Właściciele nieruchomości byli informowani o fakcie przejęcia części nieruchomości (wraz ze studnią) w pismach GDDKiA już
w 2015 r. Mimo to nie odwołali się od decyzji Wojewody Łódzkiego o zezwoleniu na realizację inwestycji drogowej (ZRID), jak również zaakceptowali wysokość odszkodowania za teren i będącą na nim studnię, które zostało wypłacone w 2017 r. Celem wypłacanych przez GDDKiA odszkodowań, jest nie tylko rekompensata za przejęte mienie, ale także przekazanie środków finansowych na odtworzenie dotychczasowych warunków życia. Z formalnego, prawnego punktu widzenia wypłata odszkodowania zamyka sprawę i wyczerpuje wszelkie roszczenia wobec inwestora - GDDKiA.
Od tamtej pory Państwo Pokojowy regularnie przysyłali żądania wykupienia pozostałej części nieruchomości, mimo że konsekwentnie byli informowani przez GDDKiA, że brak jest ku temu jakichkolwiek podstaw prawnych. Należy tu nadmienić, że w podobnych sytuacjach to właściciel nieruchomości musi ponad wszelką wątpliwość dowieść, że nie można jej użytkować na dotychczasowych zasadach i dowody te muszą być niepodważalne, ponieważ wykupienie nieruchomości w formie tzw. resztówki, wiąże się z wydawaniem publicznych pieniędzy. Więcej o zasadach nabywania nieruchomości pod budowę dróg możecie Państwo przeczytać tutaj:
W chwili rozpoczęcia budowy, kiedy konieczne okazało się zlikwidowanie studni (będącej już, po wypłaceniu odszkodowania, własnością Skarbu Państwa), jej byli właściciele postawili szereg bezpodstawnych zarzutów i nieprawdziwych tez, jak choćby takich, że wody na zamieszkałej przez nich działce nie ma, a inwestor chce ich odciąć od jedynego jej źródła, jednocześnie szeroko informując o sprawie, w krzywdzącym inwestora tonie, lokalne media.
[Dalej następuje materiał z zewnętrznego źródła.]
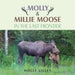 Molly & Millie Moose in the Last Frontier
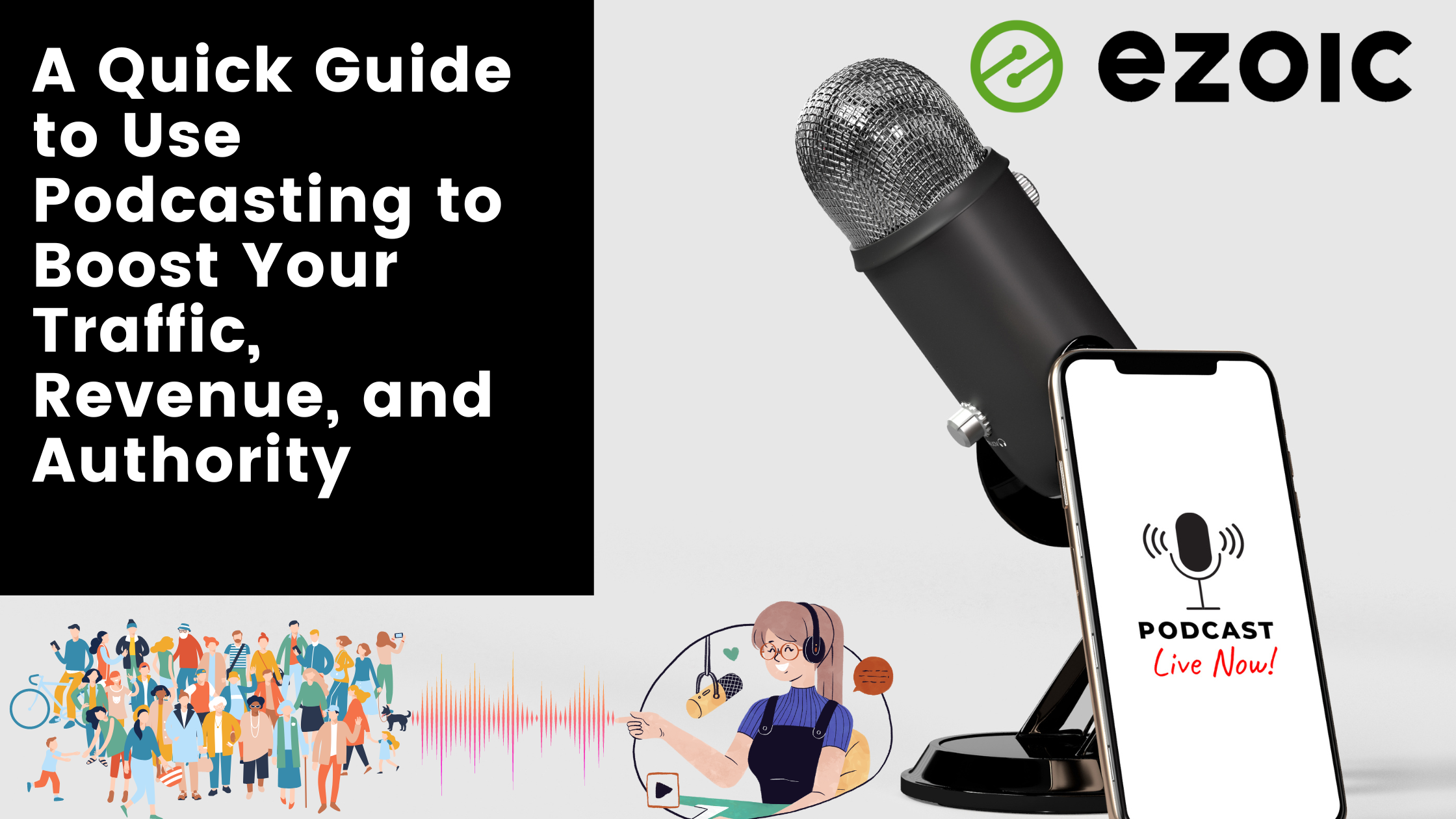 A Quick Guide to Use Podcasting to Boost Your Traffic, Revenue, and Authority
Nie przedłożyli przy tym żadnych wiarygodnych dokumentów, a jedynie kilka mocno wątpliwych opinii.
Wobec zaistniałej sytuacji, decyzję o budowie nowej studni na terenie działki Państwa Pokojowy podjął wykonawca budowy drogi ekspresowej S14. Wbrew wcześniejszym twierdzeniom właścicieli działki, wodę udało się znaleźć na głębokości 27, a nie 100 metrów, jak przekonywali. Następnie wybudowano studnię i przeprowadzono porównawcze badania próbek wody z obu studni - starej i nowej. Z ich wyników jasno wynika, że woda w obu studniach ma te same właściwości fizykochemiczne i nadaje się do spożycia. Wtedy nową studnię podłączono do budynku mieszkalnego.
W kontekście całej sytuacji widać, że kierowane pod naszym adresem zarzuty były całkowicie bezpodstawne i krzywdzące dla GDDKiA. Wiele również wskazuje, że podejmowane przez zainteresowanych działania wynikały ze złej woli bądź chęci ominięcia obowiązujących przepisów prawa. Tymczasem GDDKiA musi dbać nie tylko o to, aby wszystkie jej działania były zgodne z prawem, ale także o właściwe wydatkowanie publicznych pieniędzy. Opisana sytuacja pokazuje z jak wieloma trudnymi nie tylko technicznie i formalnie, ale także społecznie problemami GDDKiA zmaga się przy realizacji kluczowych dla gospodarki kraju inwestycji.